Add writing and parsing of the `abs-capture-time` RTP header extension.

This change adds the writing and parsing of the `abs-capture-time` RTP header extension defined at:

  http://www.webrtc.org/experiments/rtp-hdrext/abs-capture-time

We are still missing the code to:

- Negotiate the header extension.
- Collect capture time for audio and video and have the info sent with the header extension.
- Receive the header extension and use its info.

Bug: webrtc:10739
Change-Id: I75af492e994367f45a5bdc110af199900327b126
Reviewed-on: https://webrtc-review.googlesource.com/c/src/+/144221
Reviewed-by: Ilya Nikolaevskiy <ilnik@webrtc.org>
Reviewed-by: Karl Wiberg <kwiberg@webrtc.org>
Commit-Queue: Chen Xing <chxg@google.com>
Cr-Commit-Position: refs/heads/master@{#28468}
diff --git a/api/rtp_headers.h b/api/rtp_headers.h
index cdf1e28..9a2d840 100644
--- a/api/rtp_headers.h
+++ b/api/rtp_headers.h
@@ -38,6 +38,46 @@
   int sequence_count;
 };
 
+// The Absolute Capture Time extension is used to stamp RTP packets with a NTP
+// timestamp showing when the first audio or video frame in a packet was
+// originally captured.

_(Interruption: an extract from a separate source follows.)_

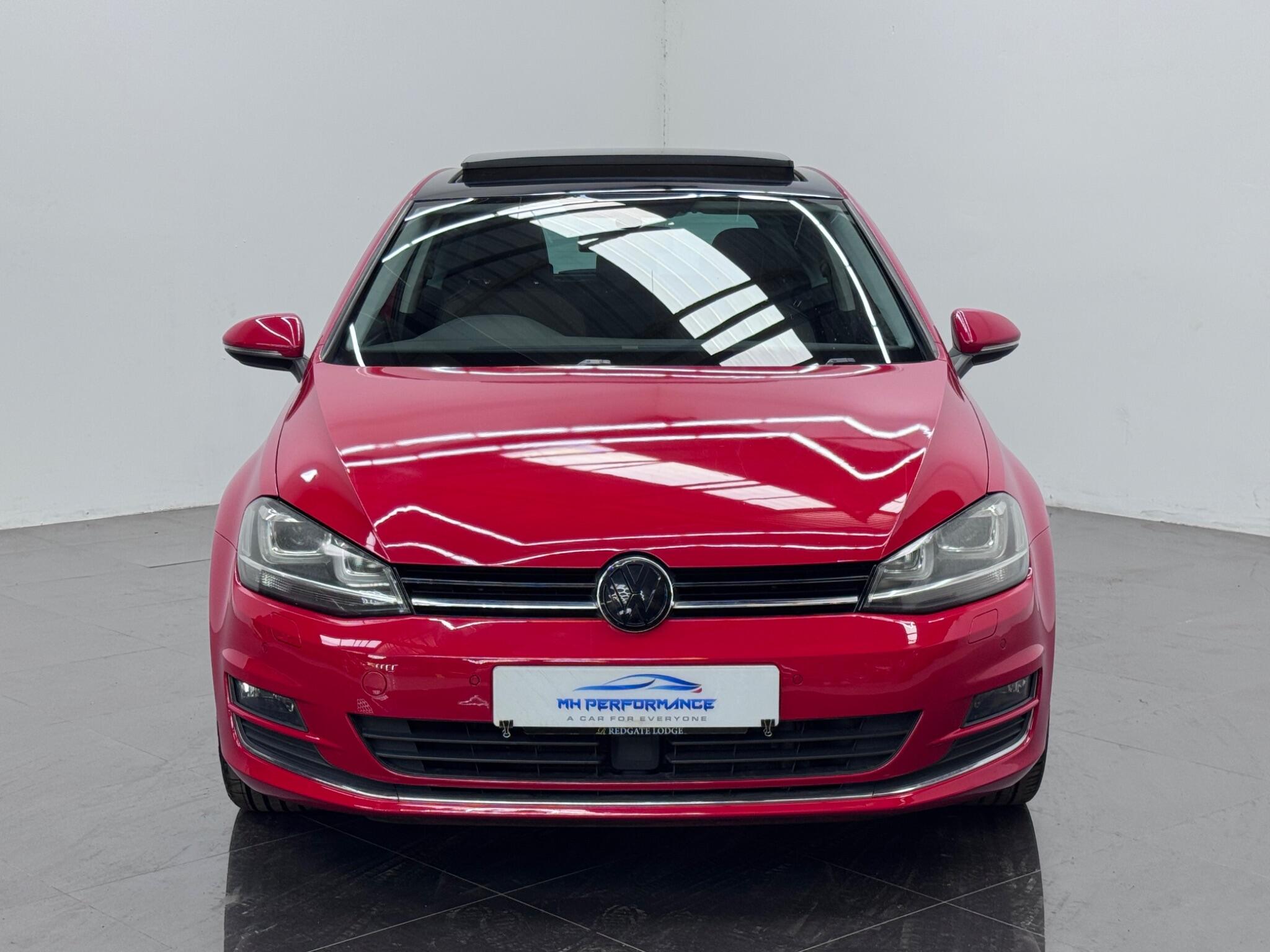 Volkswagen Golf view 2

The intent of this extension is to provide a way to
+// accomplish audio-to-video synchronization when RTCP-terminating intermediate
+// systems (e.g. mixers) are involved. See:
+// http://www.webrtc.org/experiments/rtp-hdrext/abs-capture-time
+struct AbsoluteCaptureTime {
+  // Absolute capture timestamp is the NTP timestamp of when the first frame in
+  // a packet was originally captured. This timestamp MUST be based on the same
+  // clock as the clock used to generate NTP timestamps for RTCP sender reports
+  // on the capture system.
+  //
+  // It’s not always possible to do an NTP clock readout at the exact moment of
+  // when a media frame is captured. A capture system MAY postpone the readout
+  // until a more convenient time. A capture system SHOULD have known delays
+  // (e.g. from hardware buffers) subtracted from the readout to make the final
+  // timestamp as close to the actual capture time as possible.
+  //
+  // This field is encoded as a 64-bit unsigned fixed-point number with the high
+  // 32 bits for the timestamp in seconds and low 32 bits for the fractional
+  // part. This is also known as the UQ32.32 format and is what the RTP
+  // specification defines as the canonical format to represent NTP timestamps.
+  uint64_t absolute_capture_timestamp;
+
+  // Estimated capture clock offset is the sender’s estimate of the offset
+  // between its own NTP clock and the capture system’s NTP clock. The sender is
+  // here defined as the system that owns the NTP clock used to generate the NTP
+  // timestamps for the RTCP sender reports on this stream. The sender system is
+  // typically either the capture system or a mixer.
+  //
+  // This field is encoded as a 64-bit two’s complement signed fixed-point
+  // number with the high 32 bits for the seconds and low 32 bits for the
+  // fractional part. It’s intended to make it easy for a receiver, that knows
+  // how to estimate the sender system’s NTP clock, to also estimate the capture
+  // system’s NTP clock:
+  //
+  //   Capture NTP Clock = Sender NTP Clock + Capture Clock Offset
+  absl::optional<int64_t> estimated_capture_clock_offset;
+};
+
 struct RTPHeaderExtension {
   RTPHeaderExtension();
   RTPHeaderExtension(const RTPHeaderExtension& other);
@@ -56,6 +96,7 @@
   int32_t transmissionTimeOffset;
   bool hasAbsoluteSendTime;
   uint32_t absoluteSendTime;
+  absl::optional<AbsoluteCaptureTime> absolute_capture_time;
   bool hasTransportSequenceNumber;
   uint16_t transportSequenceNumber;
   absl::optional<FeedbackRequest> feedback_request;